January 17, 2013

Oakland Town Council posts first meeting video on web

Council to decide on camera purchase, posting future meeting videos

By Matt Hongoltz-Hetling mhhetling@centralmaine.com
Staff Writer

OAKLAND -- The town's first attempt at posting a council meeting on the Internet seems to be successful, Town Manager Peter Nielsen said.

More than 60 people watched at least part of the meeting.

The council will decide next whether it wants to spend the money to buy a camera and post all future meetings on the Web for public review.

If the town moves forward with the effort, it will be part of a small but growing minority, according to Maine Municipal Association spokesman Eric Conrad, who estimated that fewer than 100 of Maine's 492 municipalities make their meetings available online.

The council has been exploring ways to make video of its meetings available to the public since July, when 362 citizens filed a petition asking that the town broadcast its meetings to improve transparency.

During the council's Dec. 26 meeting, Messalonskee High School student Bradley Bickford used a camera on loan from the school to record the proceedings.
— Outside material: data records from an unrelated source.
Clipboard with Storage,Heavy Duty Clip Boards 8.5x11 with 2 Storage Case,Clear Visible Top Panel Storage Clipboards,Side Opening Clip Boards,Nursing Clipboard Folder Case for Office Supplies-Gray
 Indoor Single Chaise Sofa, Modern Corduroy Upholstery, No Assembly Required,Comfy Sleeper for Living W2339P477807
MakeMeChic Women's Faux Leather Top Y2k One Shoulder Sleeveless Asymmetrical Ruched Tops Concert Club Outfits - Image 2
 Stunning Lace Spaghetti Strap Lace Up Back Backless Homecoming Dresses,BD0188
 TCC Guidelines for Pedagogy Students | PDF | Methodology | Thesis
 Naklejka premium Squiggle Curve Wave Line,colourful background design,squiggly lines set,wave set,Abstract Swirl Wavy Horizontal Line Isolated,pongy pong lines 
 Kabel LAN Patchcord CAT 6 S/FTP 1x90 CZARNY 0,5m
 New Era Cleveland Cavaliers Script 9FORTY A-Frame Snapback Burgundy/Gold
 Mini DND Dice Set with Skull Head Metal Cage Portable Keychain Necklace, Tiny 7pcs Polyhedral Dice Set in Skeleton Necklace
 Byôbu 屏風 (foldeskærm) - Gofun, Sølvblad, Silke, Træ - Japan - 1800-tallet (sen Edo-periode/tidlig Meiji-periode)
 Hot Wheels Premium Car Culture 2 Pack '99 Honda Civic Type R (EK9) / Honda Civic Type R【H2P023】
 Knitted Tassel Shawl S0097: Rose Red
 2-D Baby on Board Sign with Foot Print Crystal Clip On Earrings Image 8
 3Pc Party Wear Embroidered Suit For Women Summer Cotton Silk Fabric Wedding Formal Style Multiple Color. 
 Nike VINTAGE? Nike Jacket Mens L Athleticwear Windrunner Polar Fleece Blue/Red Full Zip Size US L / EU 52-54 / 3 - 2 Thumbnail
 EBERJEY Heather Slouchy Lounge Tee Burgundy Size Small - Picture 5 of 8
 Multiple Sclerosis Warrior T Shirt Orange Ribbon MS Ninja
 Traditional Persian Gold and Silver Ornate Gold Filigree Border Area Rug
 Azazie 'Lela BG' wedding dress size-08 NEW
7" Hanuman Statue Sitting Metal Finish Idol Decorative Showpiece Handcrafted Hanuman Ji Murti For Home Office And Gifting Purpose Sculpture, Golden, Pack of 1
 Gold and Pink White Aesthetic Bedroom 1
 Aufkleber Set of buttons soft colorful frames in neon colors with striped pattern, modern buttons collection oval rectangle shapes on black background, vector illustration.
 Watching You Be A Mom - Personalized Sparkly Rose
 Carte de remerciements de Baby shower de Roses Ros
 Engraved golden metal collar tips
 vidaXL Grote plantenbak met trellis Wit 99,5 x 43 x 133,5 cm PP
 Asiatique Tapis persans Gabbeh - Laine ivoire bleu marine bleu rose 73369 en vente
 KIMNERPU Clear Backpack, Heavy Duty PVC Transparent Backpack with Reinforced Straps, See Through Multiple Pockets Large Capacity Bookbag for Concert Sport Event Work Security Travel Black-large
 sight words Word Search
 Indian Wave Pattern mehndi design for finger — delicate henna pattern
In order to judge the audio and video quality, the meeting was posted on YouTube, a video-hosting website. The audio quality was questionable, Nielsen said, but could be improved by repositioning the microphone and boosting the volume.

To avoid having a single long video, the meeting is broken up into three different sections. The first section, accessible through a link on the town website, has been viewed 63 times, according to statistics posted on the site.

The numbers of people who viewed parts two and three are 19 and 15, respectively, suggesting that as many as 15 people watched the meeting in its entirety.

Nielsen said an audience of any size is better than no audience at all.

"It's an improvement over nothing," he said.

Nielsen said he has received emails from three residents who were pleased to see the council making the effort. Two of them mentioned the poor audio quality, he said.

The town can buy a camera like the one used in the experiment for several hundred dollars, according to Nielsen. That's significantly less expensive than broadcasting meetings through Time Warner Cable, which Nielsen said would cost more than $10,000 in startup equipment alone.

Councilman Byron Wrigley said he doesn't feel strongly about recording meetings on video one way or another.

"It would be fine with me whichever way the council feels they want to go," he said.

The issue is on the agenda of the council's Jan. 23 meeting.